EXTRACTED ENTRIES:

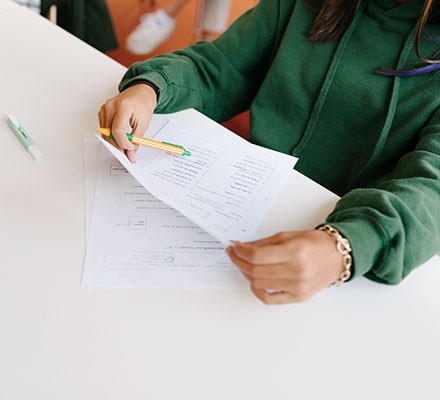 Someone with a paper and pencil taking an exam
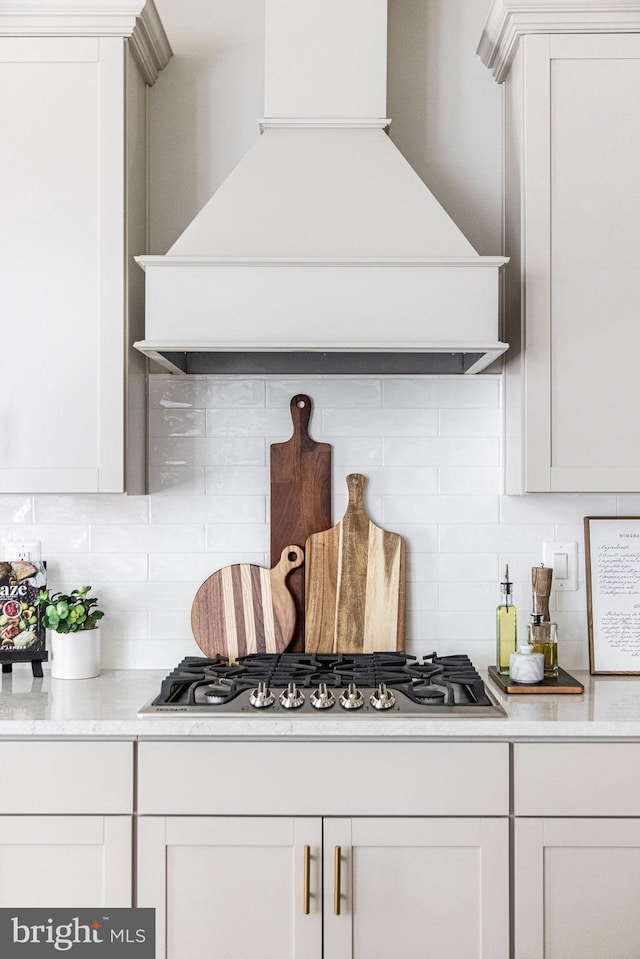 kitchen featuring tasteful backsplash, white cabinetry, custom exhaust hood, and stainless steel gas cooktop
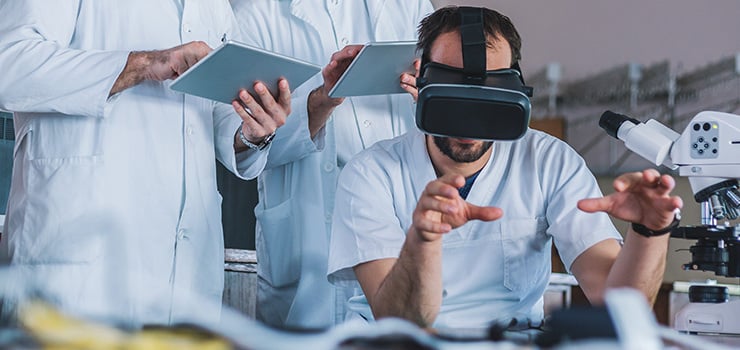 Abb. Gruppe von Ärzten, die medizinische Daten auf Tablets im Labor analysieren, im Fokus eine Person mit VR-Brille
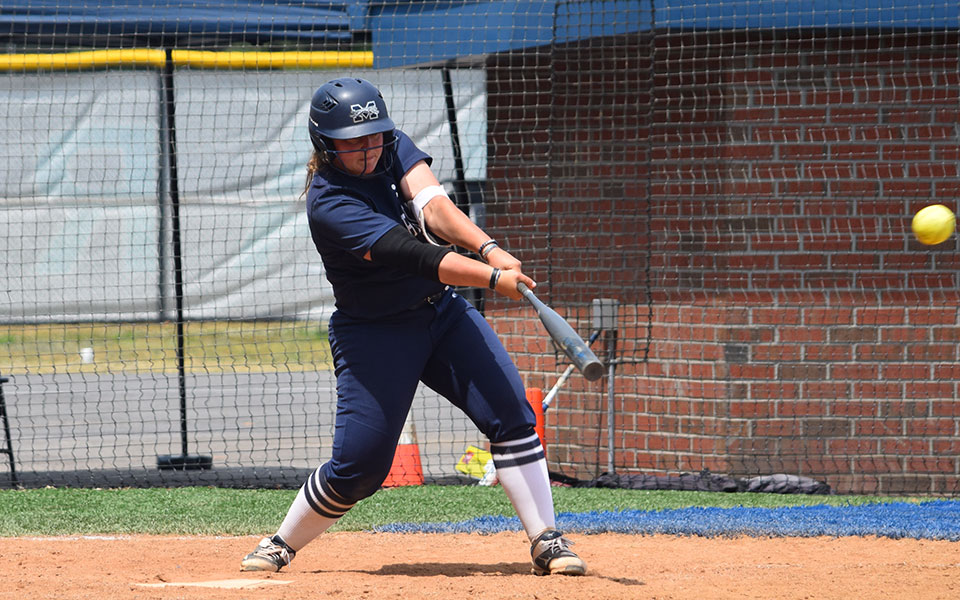 Maddisen Bieber '21 connects with a pitch versus The College of New Jersey in the NCAA Division III Virginia Beach Regional.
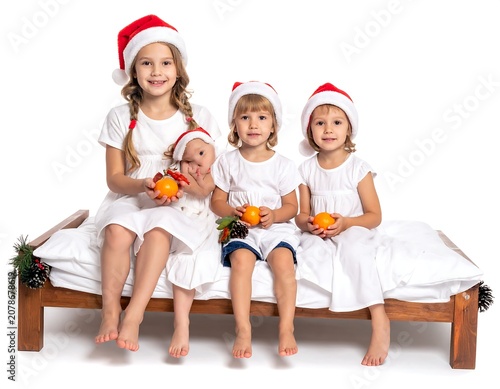 Three children in Santa hats sitting on a bed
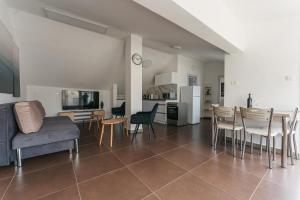 a living room with a couch and a table and chairs at ARISTO Machne Yehuda boutique apartments in Jerusalem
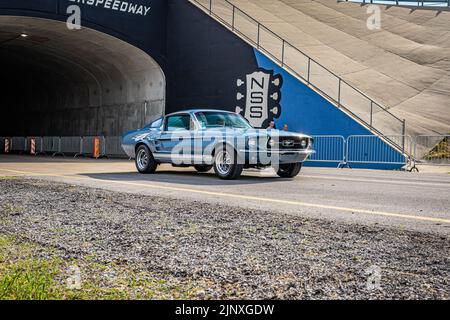 Liban, TN - 14 mai 2022 : vue grand angle à l'angle avant d'une Ford Mustang GT 1967 Fastback conduite sur une route quittant un salon de voiture local. Banque D'Images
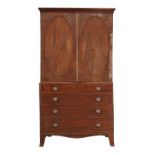 A Regency mahogany linen press, circa 1815, the moulded cornice above twin oval panelled doors, with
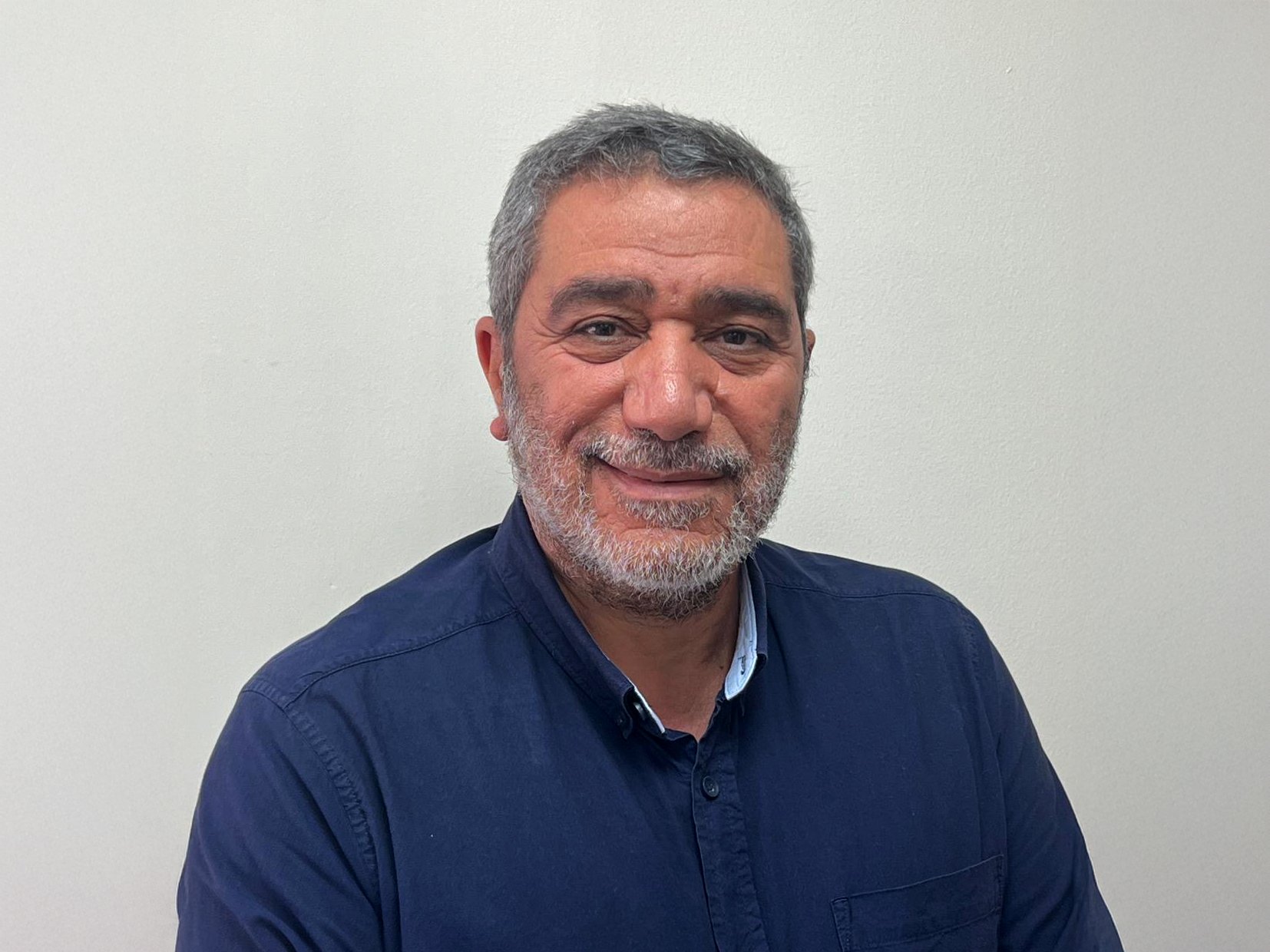 A middle-aged man with gray hair and beard, wearing a dark blue collared shirt, smiling in front of a plain light-colored wall.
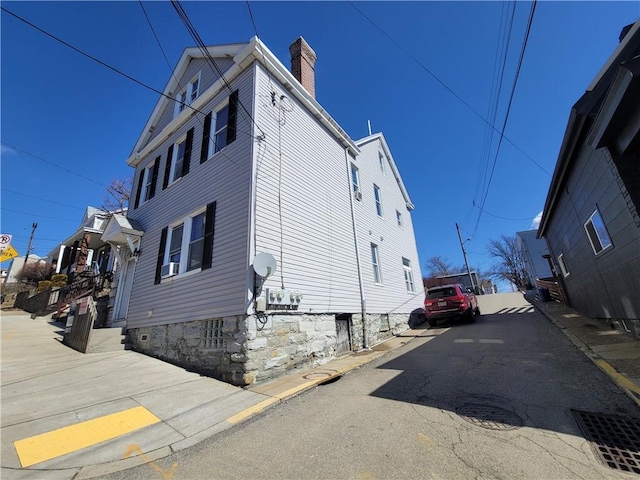 view of property exterior with a chimney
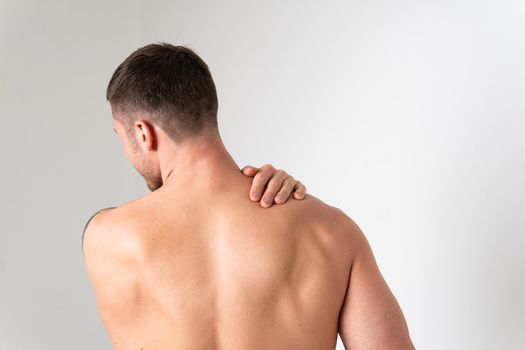 The muscles of the neck in a man on a white background are hurt body painful, backache man background stress, muscular chronic. red sickness, disease suffer attractive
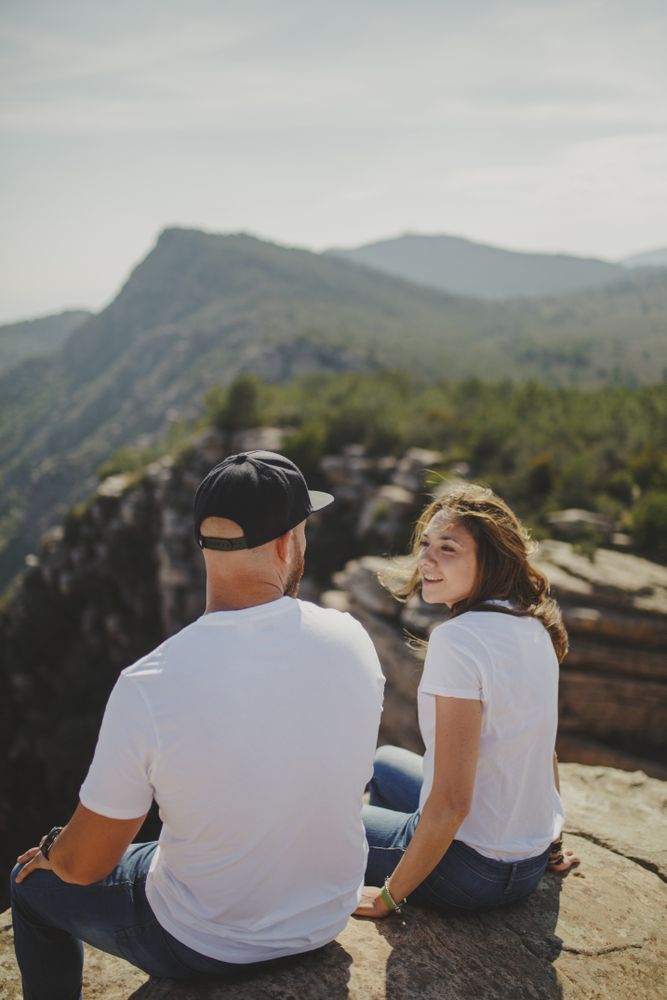 Happy couple sitting at mountain cliff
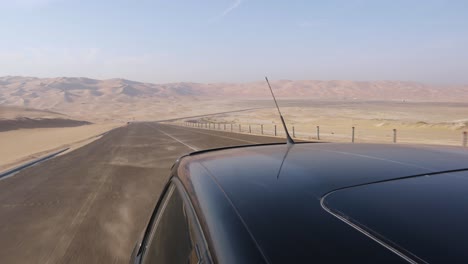 looking behind over rooftop of black car driving through spectacular empty abu dhabi desert road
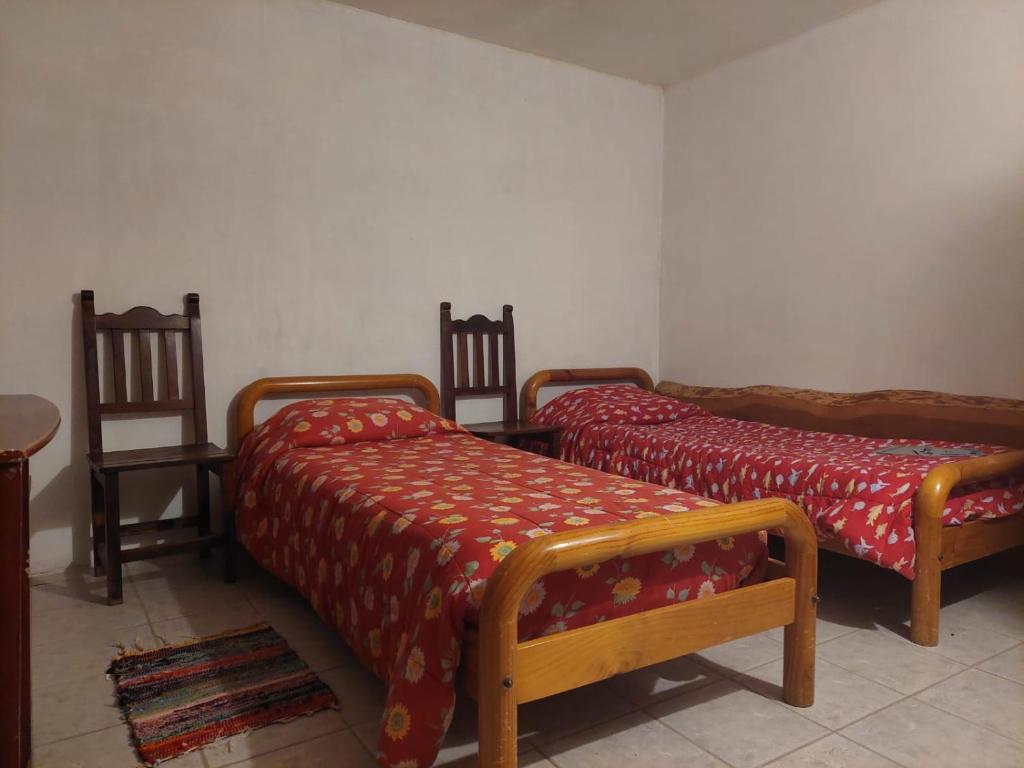 Habitación con 2 camas y 2 sillas. en Pilpilcura en Dina Huapi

THE PROBLEM:
Repeat word for word, leaving out the pictures, each line of the records from the line that holds "kitchen featuring tasteful" through the final one.

EXERCISE ANSWER:
 kitchen featuring tasteful backsplash, white cabinetry, custom exhaust hood, and stainless steel gas cooktop
 Abb. Gruppe von Ärzten, die medizinische Daten auf Tablets im Labor analysieren, im Fokus eine Person mit VR-Brille
 Maddisen Bieber '21 connects with a pitch versus The College of New Jersey in the NCAA Division III Virginia Beach Regional.
 Three children in Santa hats sitting on a bed
 a living room with a couch and a table and chairs at ARISTO Machne Yehuda boutique apartments in Jerusalem
 Liban, TN - 14 mai 2022 : vue grand angle à l'angle avant d'une Ford Mustang GT 1967 Fastback conduite sur une route quittant un salon de voiture local. Banque D'Images
 A Regency mahogany linen press, circa 1815, the moulded cornice above twin oval panelled doors, with
 A middle-aged man with gray hair and beard, wearing a dark blue collared shirt, smiling in front of a plain light-colored wall.
 view of property exterior with a chimney
 The muscles of the neck in a man on a white background are hurt body painful, backache man background stress, muscular chronic. red sickness, disease suffer attractive
 Happy couple sitting at mountain cliff
 looking behind over rooftop of black car driving through spectacular empty abu dhabi desert road
 Habitación con 2 camas y 2 sillas. en Pilpilcura en Dina Huapi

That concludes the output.